When Charles Lindbergh landed in Paris in 1927, he became one of the most famous men in the world. Reporters and authors leapt at the chance to write about his life, not always distinguishing fact from fiction. In response, Lindbergh decided to become his own biographer to set the record straight.
Just a few months after his famous flight, Lindbergh wrote We, published by G. P. Putnam's Sons. Putnam had hired a ghostwriter, but Lindbergh was so unhappy with the draft that he dismissed the work and spent just three weeks his own story. It became an instant hit.
The only time Lindbergh ever kept a formal journal was the period between 1938 and 1945. In an edited form, this was published as The Wartime Journals of Charles A. Lindbergh (1970).
In 1948 he published Of Flight and Life, a reflective memoir and a consideration of the prospect of an “Atomic Age War” and the potential collapse of western civilization and spiritual values.
In 1953, Lindbergh published The Spirit of St. Louis, which was awarded the Pulitzer Prize for autobiography in 1954. Spending more than a 14 years working on the manuscript, Lindbergh again recounted the tale of his famous flight, incorporating flashbacks to his youth and early career in aviation.
In the mid-1960s, Lindbergh worked with the Minnesota Historical Society to develop a historic site at his boyhood home in Little Falls. Between 1966 and 1973 Lindbergh visited the site at least seven times and wrote letters containing his reminiscences of life on the farm as interpretive background.

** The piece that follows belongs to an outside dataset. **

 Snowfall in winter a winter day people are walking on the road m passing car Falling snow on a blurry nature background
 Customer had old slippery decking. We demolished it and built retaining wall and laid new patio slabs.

These letters were published as Boyhood on the Upper Mississippi in 1972 (issued in 2002 as Lindbergh Looks Back.)
For three decades he recorded snippets of conversations, lists of names, dates and places important to the family, leaving almost no stone unturned – except for the kidnapping of his first child, Charles, Jr. which he omitted completely.
In 1974, when he knew he was dying, Lindbergh gave these thousand-plus pages of manuscript to his friend and publisher, William Jovanovich, who worked with Yale archivist Judith Schiff to create Autobiography of Values, published posthumously in 1978.